Impressões críticas do pesquisador Tomás Prado sobre o livro ‘Cânticos para enlouquecer Cristo’

Fernando Sousa Andrade JPG scaled - Impressões críticas do pesquisador Tomás Prado sobre o livro  'Cânticos para enlouquecer Cristo'

 
 
 
 

Que boa surpresa receber e ler seu Cânticos para enlouquecer Cristo! Chegou ontem cedo e acabo de terminar a leitura, ao menos a primeira. De saída, agradeço pelo envio e pela dedicatória.

Já havia gostado das questões que propôs na entrevista que fez sobre meu A chama remota. Ao conhecer mais de perto sua escrita, as boas impressões foram reforçadas.

O que de início me deixou curioso foram as referências eruditas, Deleuze, Lacan e até Cristo. Manejar isso na poesia parecia audacioso, mas não demorei para perceber que você daria conta. Detrás delas, encontrei articulações preciosas com o que mais importa: indagações e “clamores”. Porém, nenhum tom presunçoso e sisudo. Cristo “tornado humano”, surfando, é uma imagem que captura bem a maneira como você brinca com essas e outras referências.

Reparei que você explora imagens que também estão presentes no meu romance, como AVC, trem, Tom Waits e outras. Intertextualidades? Parte do trabalho que o leitor não resiste a fazer é catar essas felizes coincidências com suas próprias pesquisas e interesses, mesmo que falar disso pareça paranoico. Aliás, outra referência comum. Até a ideia de “cânticos para enlouquecer” — de como a abertura da poesia a interpretações pode enlouquecer um tipo obsessivo e paranoico — me foi cara.
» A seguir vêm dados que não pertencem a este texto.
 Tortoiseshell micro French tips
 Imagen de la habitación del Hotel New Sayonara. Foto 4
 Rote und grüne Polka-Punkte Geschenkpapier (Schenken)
Essas impressões bacanas reforçam sintonias menos aparentes, como o uso que faz do sarcasmo e da ironia. Foi interessante perceber como consegue utilizá-las na poesia. No meu caso, procurei explorar a autoironia em prosa, mas você faz isso com um suposto interlocutor e, na medida que boa parte dessas provocações dizem respeito a problemas da literatura e da escrita, elas interessam a todos que escrevem. Como você é um crítico literário, faz bastante sentido que essa prática tenha sido transposta ao seu fazer poético.
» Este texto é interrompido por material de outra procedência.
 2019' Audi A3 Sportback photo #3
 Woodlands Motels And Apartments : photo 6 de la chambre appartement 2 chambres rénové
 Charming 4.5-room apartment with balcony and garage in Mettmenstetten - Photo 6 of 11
Entre tantos assuntos interessantes, destaco um alerta ou certa acusação de fracasso que o eu lírico faz a esse interlocutor, que é algum outro poeta ou escritor a quem ele se dirige e cujo potencial reconhece. Segundo ele, no processo de enlouquecimento do outro algo importante é abortado. Velho dilema entre loucura e obra (que, aliás, aproxima meus dois livrinhos, o de filosofia e o romance)! A obra teria cedido à egotrip de alguém que, como não é raro entre os loucos, se vê no lugar de um tipo Cristo. Esse boicote da obra — como uma viagem à deriva no ego, em detrimento do trabalho de navegar em direção ao outro —, é que seria humana, demasiado humana. Paradoxalmente, talvez, seria o oposto da obra do verdadeiro Cristo. Em todo caso, o eu lírico reconhece a tensão desses dilemas subjetivos com a literatura. Acredito que esse é mais um dos pontos que me capturaram, porque eu quis enfrentar a incerteza de elaborar questões semelhantes sem necessariamente me comprometer com a definição de um estilo: literatura, filosofia, sonho, delírio…

Digo essas coisas e faço da leitura um possível exercício de interlocução apenas para indicar que gostei bastante do seu livro e que espero que possamos continuar com as boas trocas.